RE: [PATCH v3] Add git-grep threads param

2015-10-27 Thread Victor Leschuk
Hello Linus, 

>> According to several tests on systems with different number of CPU cores
>> the hard-coded number of 8 threads is not optimal for all systems:

> Did you also compare cold-cache filesystem performance?
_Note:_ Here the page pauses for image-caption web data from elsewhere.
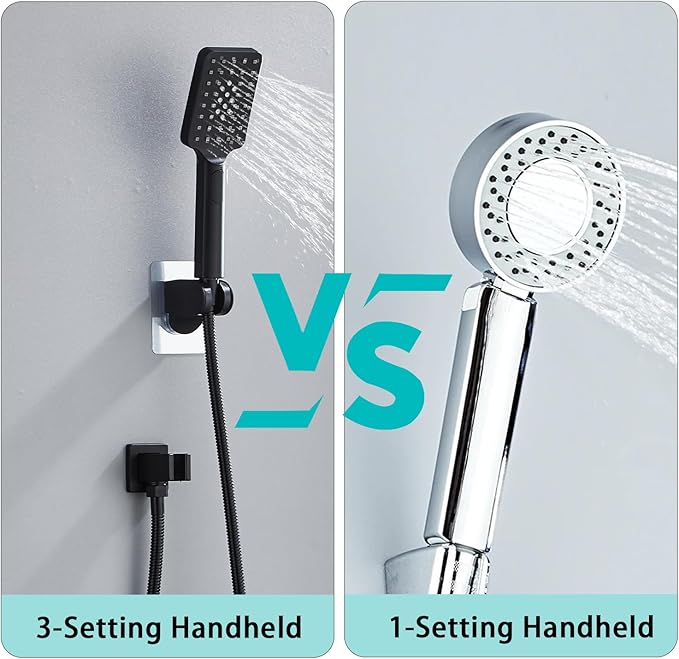8 Inch Shower Faucet Set Ceiling Mount, High Pressure Rainfall Shower System Square Rain Shower Head with Handheld Spray Combo, Ceiling Luxury Rainfall Shower Fixtures Matte Black (3-Setting)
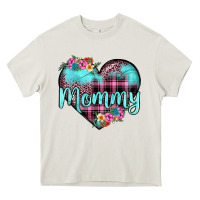 Cream mommy leopard turquoise heart Heavy Core Tee - JahusDesignShop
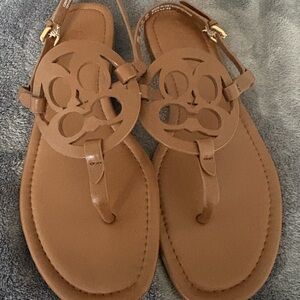 Coach Brown Logo Cutout Thong Sandals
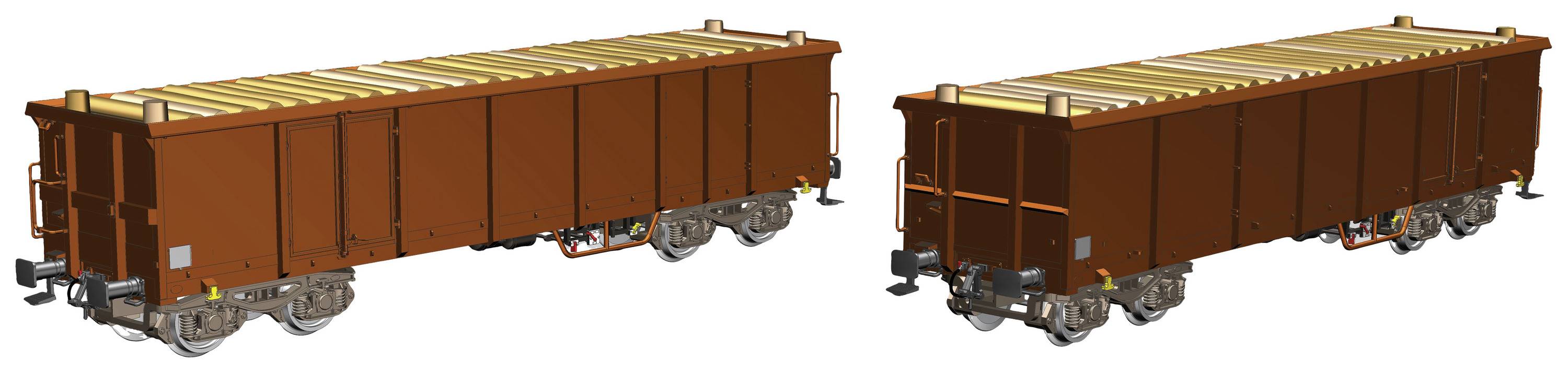 Deux wagons de marchandises bruns, représentés de côté et légèrement inclinés, avec un toit ouvert et une vue détaillée du châssis.
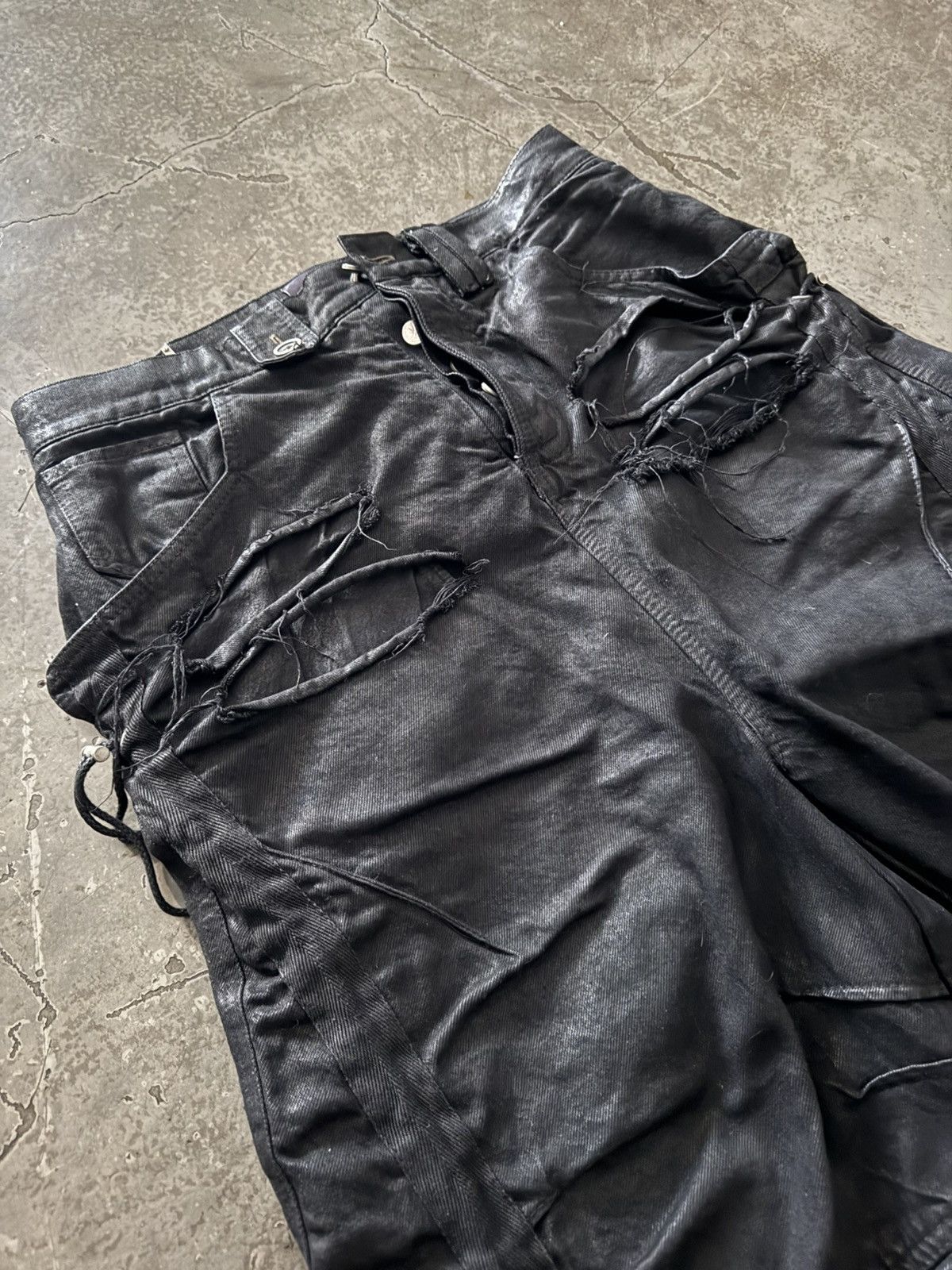 SHINE LUXURY “Truckerstar” Layered Distressed Jumbo Baggy Denim Size US 32 / EU 48 - 7 Thumbnail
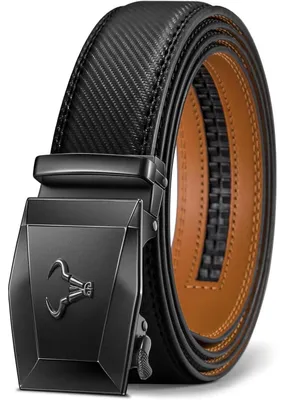 Obrázek produktu pro Kožený pánský pásek s automatickou sponou, nastavitelný, délka 130 cm, šířka 35 mm, černý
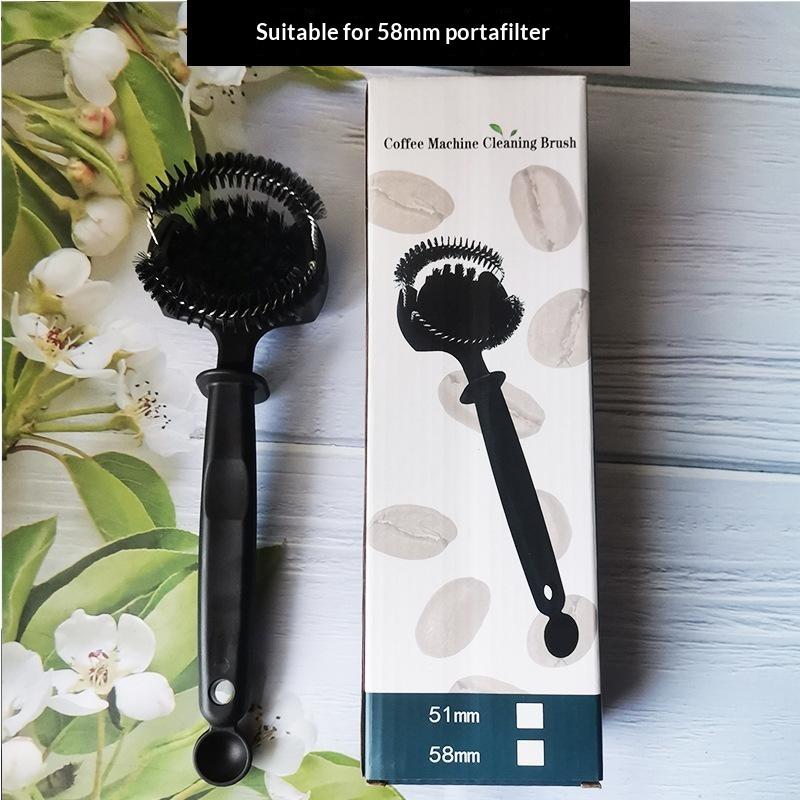 1Pcs Coffee Machine Cleaning Brush Long Handle Nylon Bristles 51Mm/58Mm Espresso Machine Cleaner For Coffee Shop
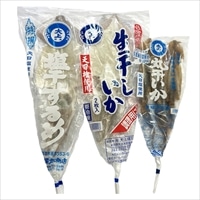 佐渡 天日塩使用 イカづくし 3種 詰め合わせ 〔塩干するめ約250g、生干しいか約250g、丸干いか約120g〕【北海道・九州地方・沖縄県・離島 配送不可】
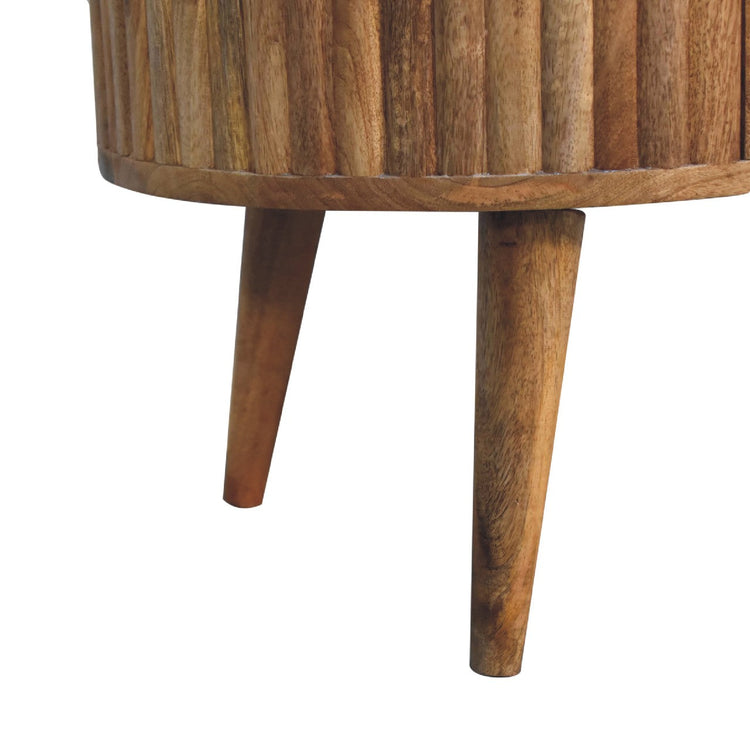 Solid Wood Modern Coffee Table – Mango Wood Striped Design with Drawer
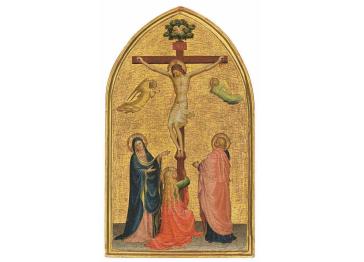 The Crucifixion with the Virgin, Saint John the Evangelist and the Magdalen, a tempera painting of the crucifixion of Christ on a panel with a gold background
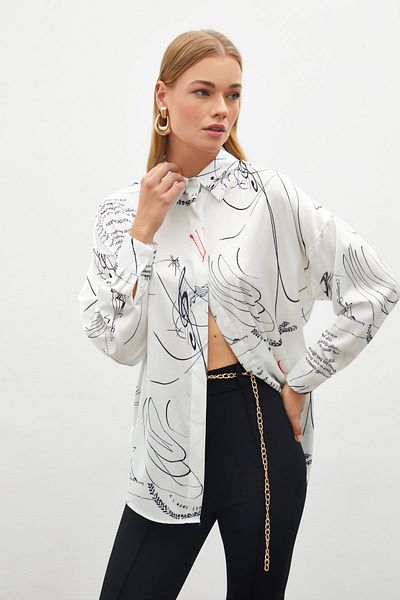 Sateen Cămașă neagră cu model lejer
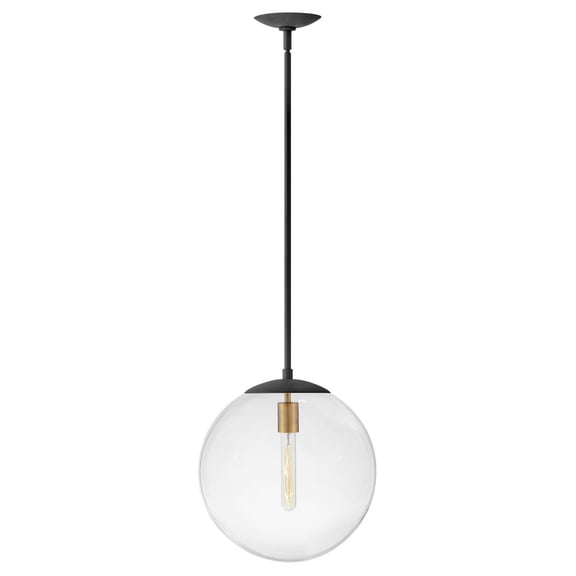 1 Light Medium Orb Pendant-Aged Zinc Finish-Clear Glass Color Hinkley Lighting 3744Dz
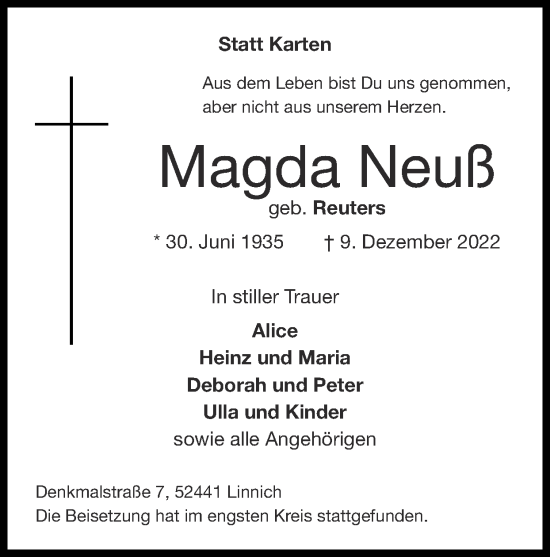 Traueranzeige von Magda Neuß von Zeitung am Sonntag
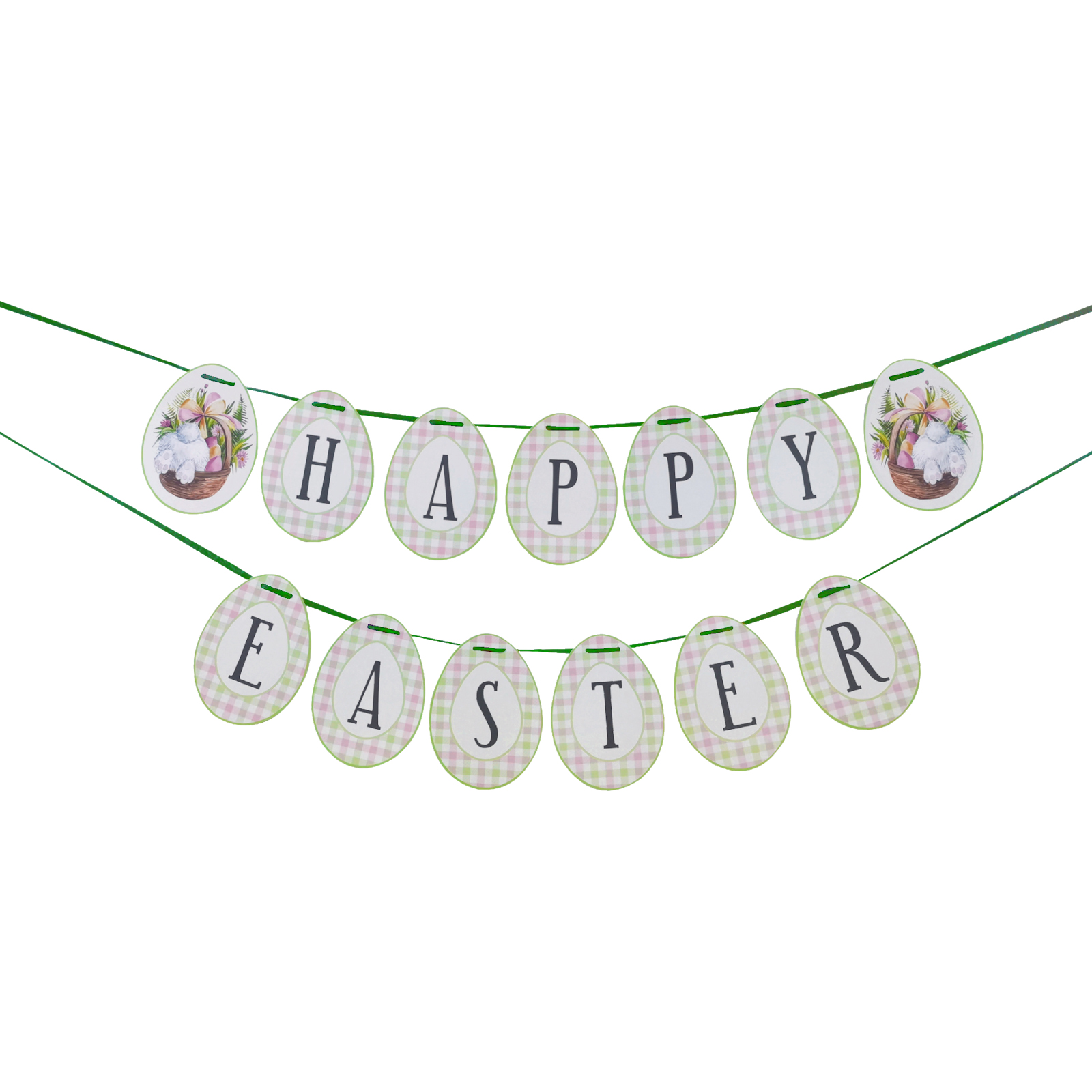 Gingham Garden Bunny Happy Easter Garland Banner - Discount Party Supplies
>  One of the reasons for doing threaded grep is for CPU scaling. But another 
> is for IO scaling. If your git tree is over NFS, doing grep eight threads at 
> a time if likely going to make things much faster even if you are on a single 
> CPU.

Yes, I have performed tests on cold-cache FS and it looks like number of 
threads affects performance. Here are the results for grepping linux kernel 
repo on a 4-core machine (similar test was conducted on 8-core machine):

Threads: 4 Time: 39.13
Threads: 8 Time: 34.39
Threads: 16 Time: 31.46
Threads: 32 Time: 27.40

Here is test scenario:

#!/bin/bash
TIMEFORMAT=%R
GIT=/home/del/git-dev/bin/git
TESTS=10
for n in 4 8 16 32; do
echo -n "Threads: $n Time: "
for i in $(seq 1 $TESTS); do
echo 3 > /proc/sys/vm/drop_caches
time $GIT grep --threads $n -e '#define' --and \( -e MAX_PATH -e 
PATH_MAX \)  >/dev/null
done 2>&1 | awk -v ntests=${TESTS} '{sum+=$1} END{printf "%.2f\n", 
sum/ntests}'
done

Note: With hot-cache grepping with 4 threads gives fastest results on both 
4-core and 8-core machines.

Thus I think it can be useful for users to be able to tune the threads number 
according to their needs.

--
Victor--
To unsubscribe from this list: send the line "unsubscribe git" in
the body of a message to majord...@vger.kernel.org
More majordomo info at  http://vger.kernel.org/majordomo-info.html


Re: [PATCH v3] Add git-grep threads param

2015-10-27 Thread John Keeping
On Mon, Oct 26, 2015 at 10:25:41PM -0700, Victor Leschuk wrote:
> >> @@ -22,6 +22,7 @@ SYNOPSIS
> >>  [--color[=] | --no-color]
> >>  [--break] [--heading] [-p | --show-function]
> >>  [-A ] [-B ] [-C ]
> >> +[--threads ]
> 
> > Is this the best place for this option?  I know the current list isn't
> > sorted in any particular way, but here you're splitting up the set of
> > context options (`-A`, `-B`, `-C` and `-W`).
> 
> Agree, I'll move the option both here and in documentation.
> 
> >> -static int wait_all(void)
> >> +static int wait_all(struct grep_opt *opt)
> 
> > I'm not sure passing a grep_opt in here is the cleanest way to do this.
> > Options are a UI concept and all we care about here is the number of
> > threads.
> 
> > Since `threads` is a global, shouldn't the number of threads be a global
> > as well?  Could we reuse `use_threads` here (possibly renaming it
> > `num_threads`)?
> 
> This thought also crossed my mind, however we already pass grep_opt to
> start_threads() function, so I think passing it to wait_all() is not
> that ugly, and kind of symmetric. And I do not like the idea of
> duplicating same information in different places. What do you think?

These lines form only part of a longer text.